The slender-billed curlew is no more and the birding world is in mourning. The curlew has just been officially declared extinct – the first known global bird extinction from mainland Europe, North Africa and West Asia.
Although this curlew species has an historic distribution far from Australia, its demise has sent a shudder through the birding community here. Australian birders here see it as a portent for the uncertain future of the eastern curlew. This bird, which breeds in the far north of Asia and spends summer in Australia, has been declared critically endangered by the Australian government in recent years.
The curlews are distinguished by their large size and long, curving bills. Of the world’s nine species, two are now officially extinct, the slender-billed following the Eskimo curlew which vanished 60 years ago.
The curlew clan represents a group of birds – waders – which are the most threatened on earth. According to Birdlife International, the demise of the slender-billed curlew follows the recent announcement that 16 other migratory shorebird species have been uplisted to higher threat categories on the global Red List of Threatened Species.

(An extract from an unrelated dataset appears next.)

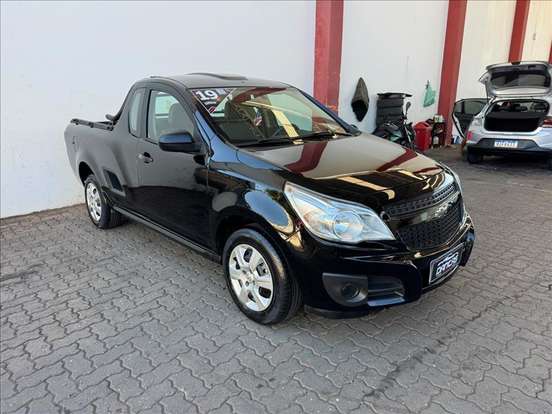 CHEVROLET-MONTANA-1.4 MPFI LS CS 8V FLEX 2P MANUAL CHEVROLET-MONTANA-2019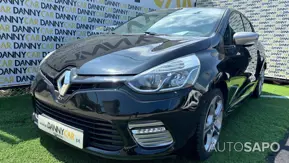 Renault Clio de 2015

The causes of the slender-billed curlew’s decline may never be fully understood, but possible pressures included extensive drainage of their breeding grounds in bogs for agricultural use, the loss of coastal wetlands used for winter feeding, and hunting, especially latterly, of an already reduced, fragmented and declining population. There could also have been impacts from pollution, disease, and climate change.

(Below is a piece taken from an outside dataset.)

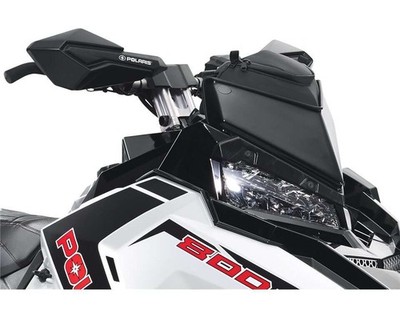 Polaris Heated Windshield Bag - Lo Pro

The eastern curlew faces the same threat. On its non-breeding grounds in Australasia it once flew in the tens of thousands but birders are lucky these days to see a handful of birds. On the mudflats of Orielton Lagoon near Sorell it was once shot for the pot.

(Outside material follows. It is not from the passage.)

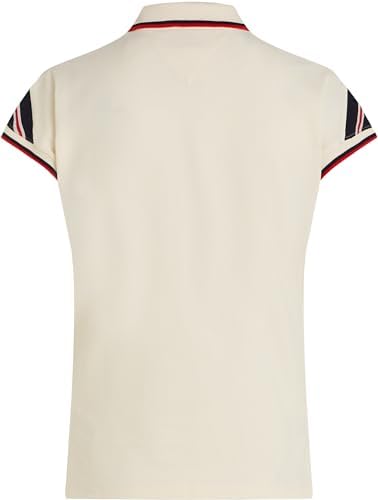 Vue 6 de Femme Polo Manches Courtes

A scientist with Britain’s Royal Society for the Protection of Birds, Nicola Crockford, said the migratory behaviour of the waders created problems for them in the modern world. The birds literally connected nations.
“Efforts by some countries to conserve a species can be undermined by damaging actions in other countries which share the same migratory birds,” she said. “Just as carbon in the atmosphere is a measure of international efforts to combat climate change, the status of migratory species is an indicator of the success of international efforts to conserve biodiversity.
“The extinction of the slender-billed curlew is as much a clarion call for greatly enhanced action for nature as the floods, fires and droughts devastating the planet attributed to climate change.”
The migratory shorebirds visiting Australia travel along what is known as the East Asian-Australasian Flyway, which crosses some of the most densely populated regions on earth. Extending from Arctic Russia and Alaska in the far north to Tasmania and New Zealand at its southern limit, it encompasses 21 nations, most hungry for land.